How’s the pain?” I couldn’t believe this transformation.
“Much better. Am I going to stay here
forever? Is there anything to eat
in this place?”
The doctor happened to walk by and popped
his head through the curtains. In
her inimitable fashion, Mum addressed him.
“Do you think I might ever get something
to eat here?”
“Are you hungry, Mrs. Rathbone?”
“Well, wouldn’t you be?”
Mum was back! And soon the doctor was
back, with a tray. Sandwich and a
cup of tea. Yep, Everything in
England is cured with a cup of hot tea. But this was the first time I’d ever seen
it served up by the doctor himself!
What a sweetheart.
“So what’s happening, Noony?

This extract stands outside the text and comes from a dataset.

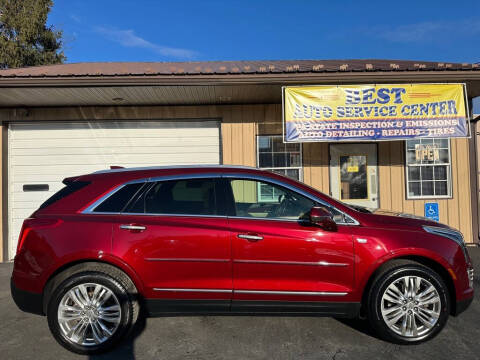 2017 Cadillac XT5 for sale at BEST AUTO SALES in Lock Haven PA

Where are we?”
At last she was discharged and six hours
after my hair-raising drive there, we were back on the M-25, only this time Mum
was in the passenger seat on my left.
“Are you alright, Mum? Warm enough?”
“Mmmm, lovely. I love this hot seat.”
I drove and we fell silent for a while. Two minutes, five minutes, ten
minutes? I don’t know. She may even have dozed off, as my eyes
never left the motorway.
Then I felt her hand on my arm.
“Thank you, Noony,” her normal tone returned,
she stroked my arm.
“Oh, Mum, there’s nothing to …”
She cut me off, “Thank you, what a lovely
adventure we had. A sneaky
afternoon out. I always love it
when we go out together. This is one for the memory box." Her voice had a misty undertone to it. I was going to
say something about the ordeal she’d just come out of: about the fear, about
the pain, but something made me bite my tongue.
My foot came off the gas pedal a little,
as I glanced over at her. Gone was
the pain, gone was the fear. Her eyes smiled. My own heart began weeping,
because all that was left for her, from her traumatic experience, was…Love.